When I was young I’d come home from school to find that a giant spiderweb filled the living room, or that the smell of fresh resin led to a shimmering ice cave in the shed – while on the grass outside was a plump silver aeroplane piloted by a bear. These things had been made by my parents for the Science Museum or Doctor Who or The Goodies. They seemed completely magical but also perfectly achievable; matter-of-fact alchemy – and they made me want to make things too.

In 1986, after an art foundation course at Kingston Polytechnic, I was given the chance to go to Canada, where I spent three months taking photographs. The medium felt like it turned everything I saw into a gift and throughout the 90s I travelled as much as I could for the freedom to commit to it.

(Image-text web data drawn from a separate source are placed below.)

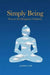 Simply Being by James Low
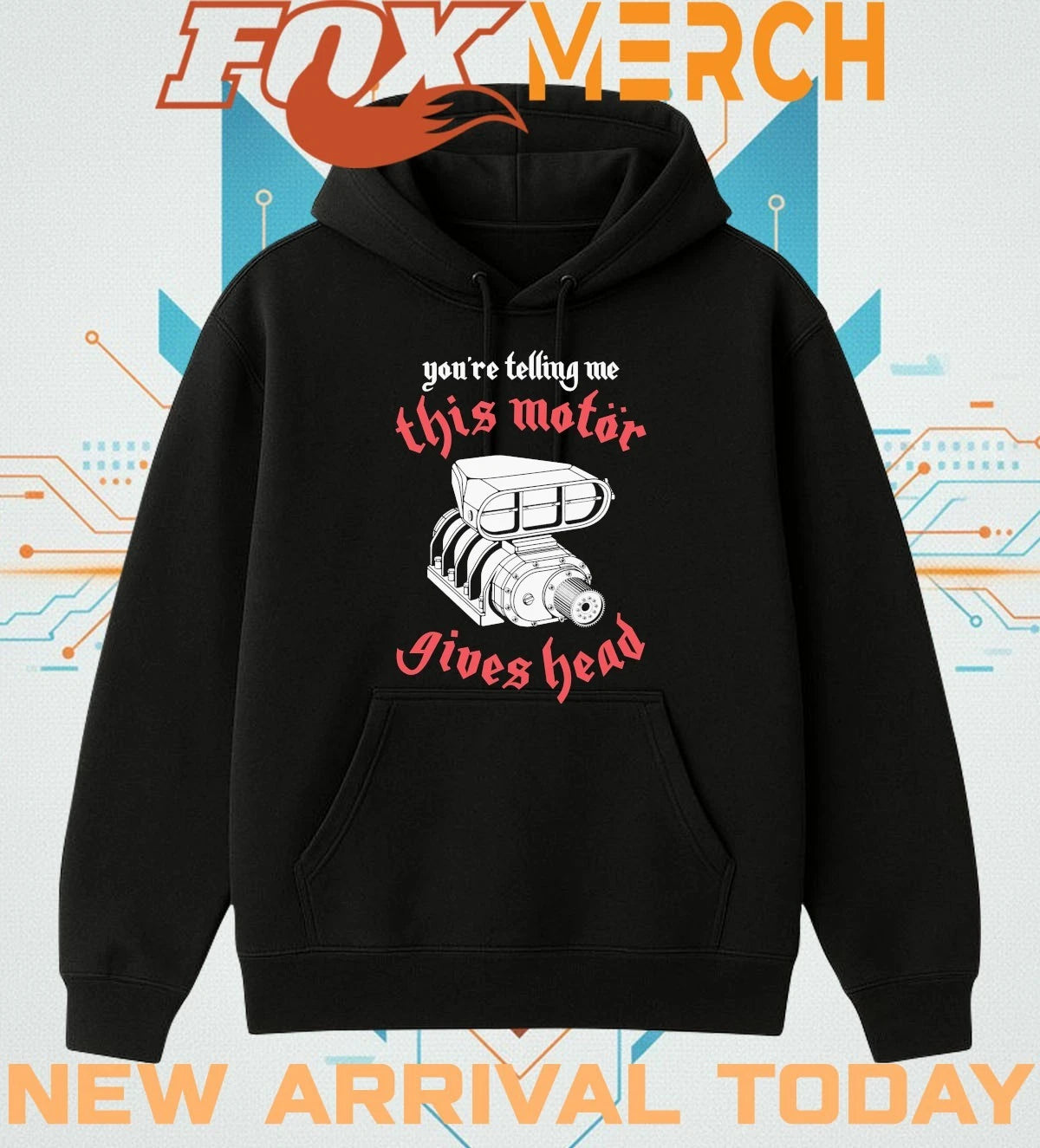 You’re telling Me this motor gives head t-shirt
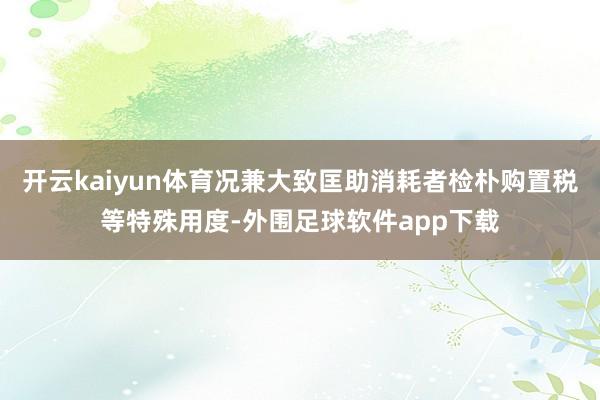 开云kaiyun体育况兼大致匡助消耗者检朴购置税等特殊用度-外围足球软件app下载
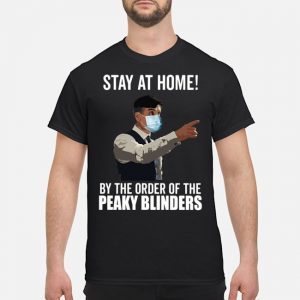 Stay At Home By The Order of The Peaky Blinders 1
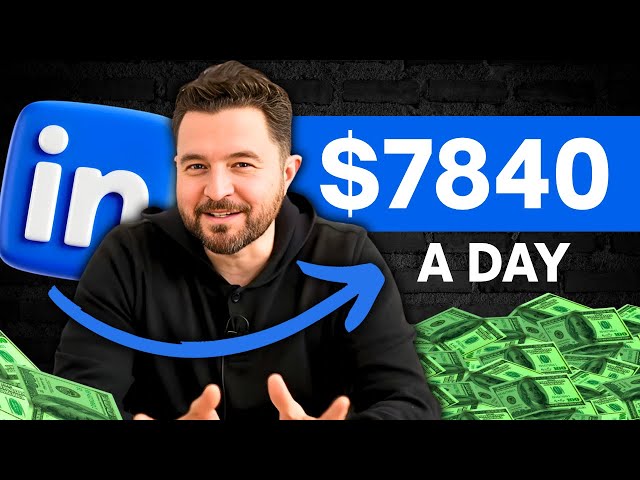 $7000 Per Day: My LinkedIn Content Strategy Revealed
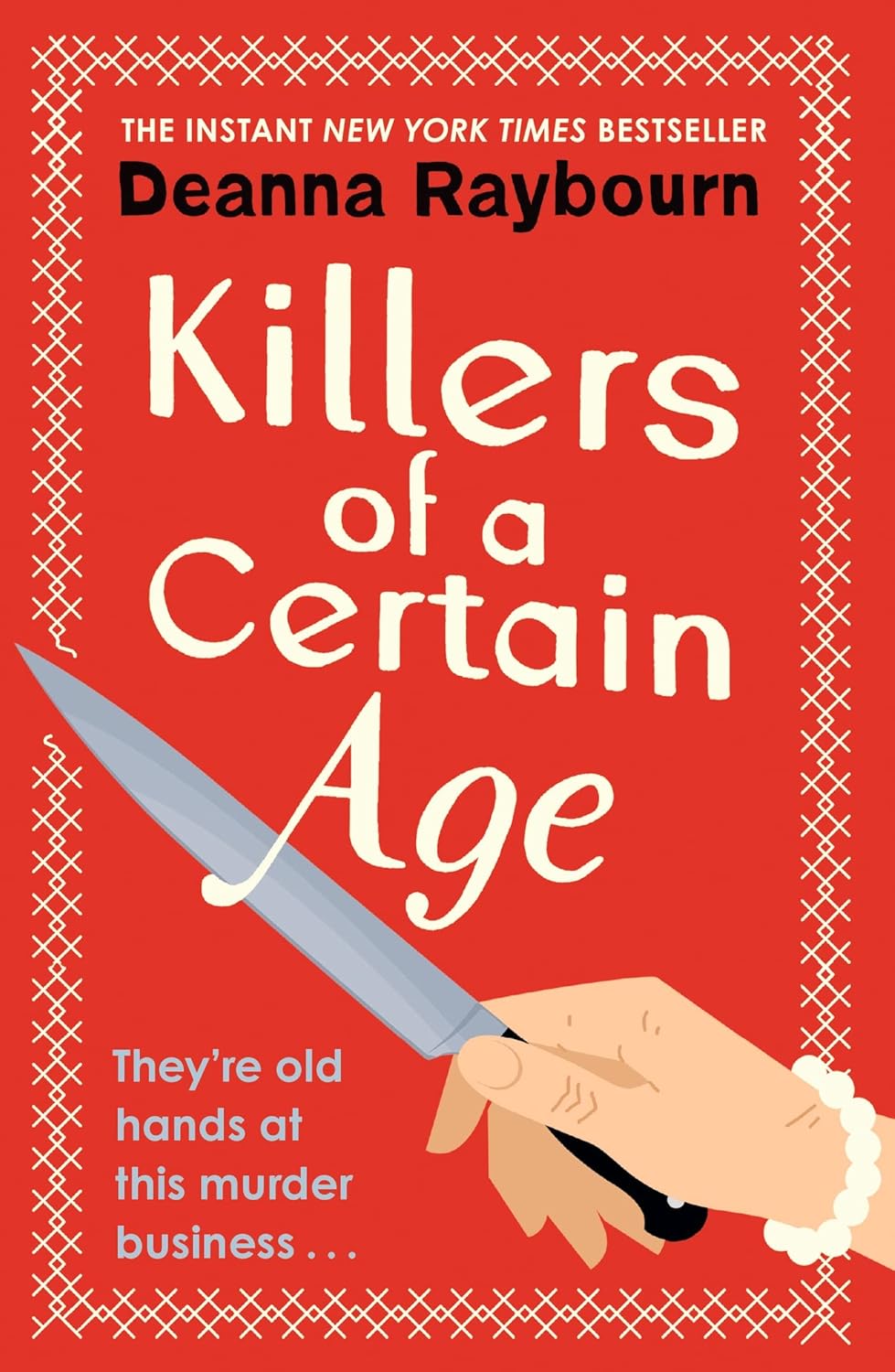 Killers of a Certain Age by Deanna Raybourn
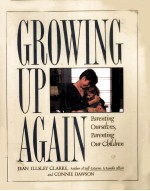 Growing up again : parenting ourselves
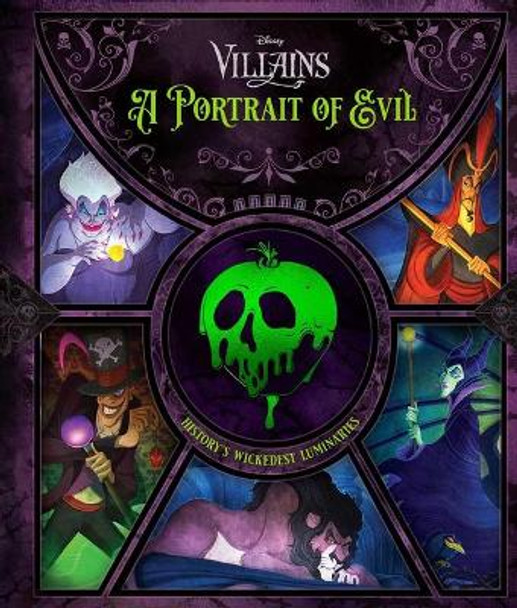 Disney Villains: A Portrait of Evil: History's Wickedest Luminaries Books about Disney Villains by Pat Shand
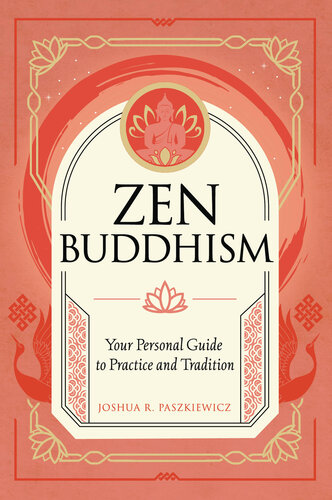 Zen Buddhism: Your Personal Guide to Practice and Tradition (Mystic Traditions)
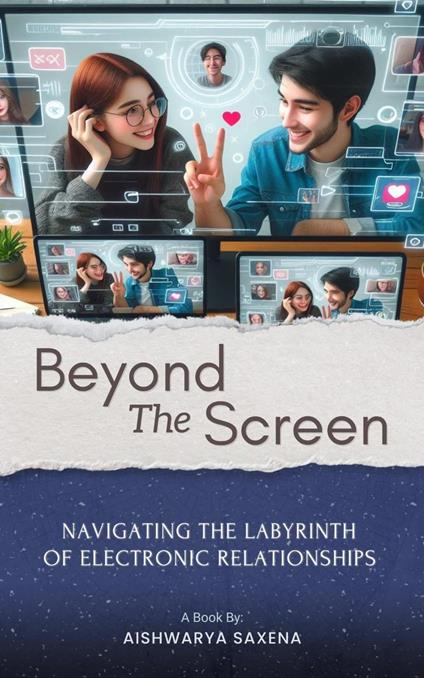 Beyond The Screen - Aishwarya Saxena - ebook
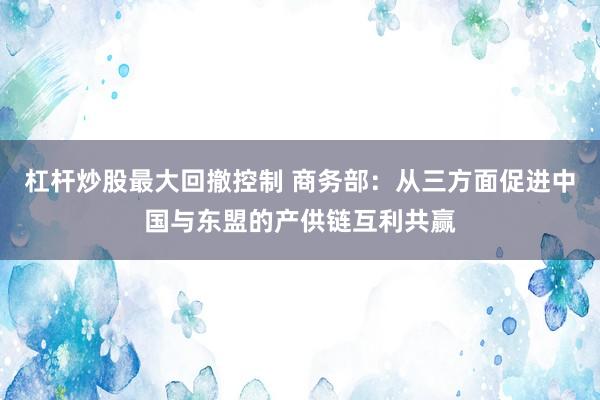 杠杆炒股最大回撤控制 商务部：从三方面促进中国与东盟的产供链互利共赢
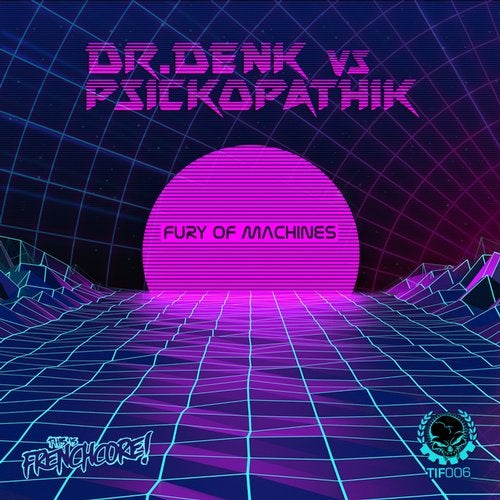 Dr.Denk vs Psickopathik - Fury Of Machines (EP) 2019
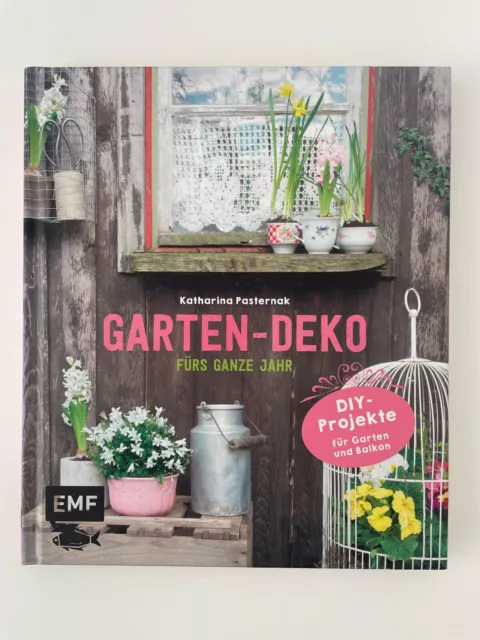 Garten-Deko fürs ganze Jahr: DIY-Projekte für Garten u. Balkon [2015, neuwertig]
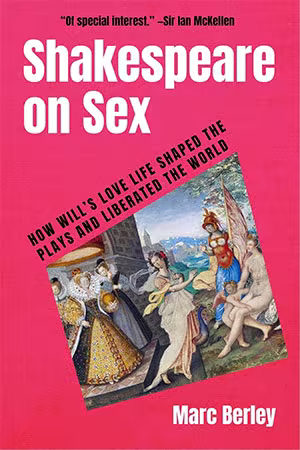 Shakespeare on Sex: How Will’s Love Life Shaped the Plays and Liberated the World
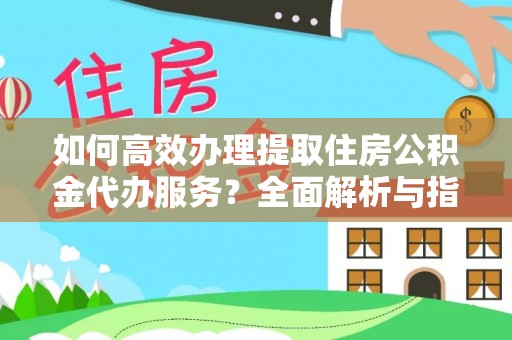 济源如何高效办理提取住房公积金代办服务？全面解析与指南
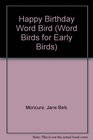 Happy Birthday Word Bird  Word Bird Library
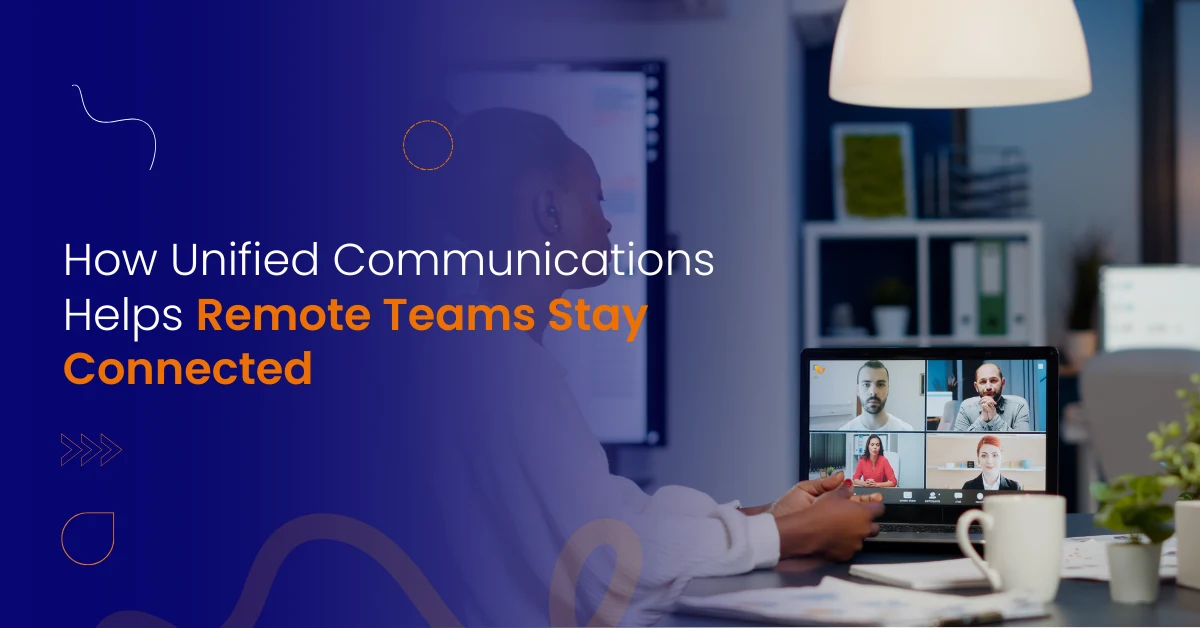 Unified Communication for Remote teams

The work I made then was represented by Corbis Photography Library and galleries in London – and was often published and exhibited – winning a medal in an international Royal Photographic Society exhibition and seen in publications including The Times, Independent, Observer, Marie Claire, Design Week and Photographers International Magazine. The work was also shortlisted for the Anglo Israeli Travel Award and Wanderlust Travel Photographer of the Year. A picture from India is also held in the collection of the Wellcome Trust.

After completing a fine art degree at Brighton Polytechnic, I started to work freelance as a sculptor and painter, making scenery for Nick Pemberton and later Dave Crosswell. Projects included a Viking theme park in Norway, a whale’s stomach in the Czech Republic for the film Pinocchio, a giant skull for the London premiere of Pirates in the Caribbean,  and the heraldic decorations on the Queen’s row barge, The Gloriana, for the 2012 Diamond Jubilee.

I had worked with reflective surfaces during my degree and in 2005, while working on a Baroque interior for television I was asked to find a way to antique mirror. The result was a sequence of experiments that lead to a series of designs set in mirror – and in 2008 I set up with a business partner, to market them. For 8 years we produced designs and finishes for an international client base and in 2016 I sold my stake in the company.

From 2005 until 2016 I taught drawing and painting and life and portrait classes in adult education. Teaching became intrinsic to the way I thought and kept me open to the potential of any ideas, observations or processes that one could learn through. It was a lovely way of sharing ideas and I’m very aware of how lucky I was to work with such inspiring and adventurous artists.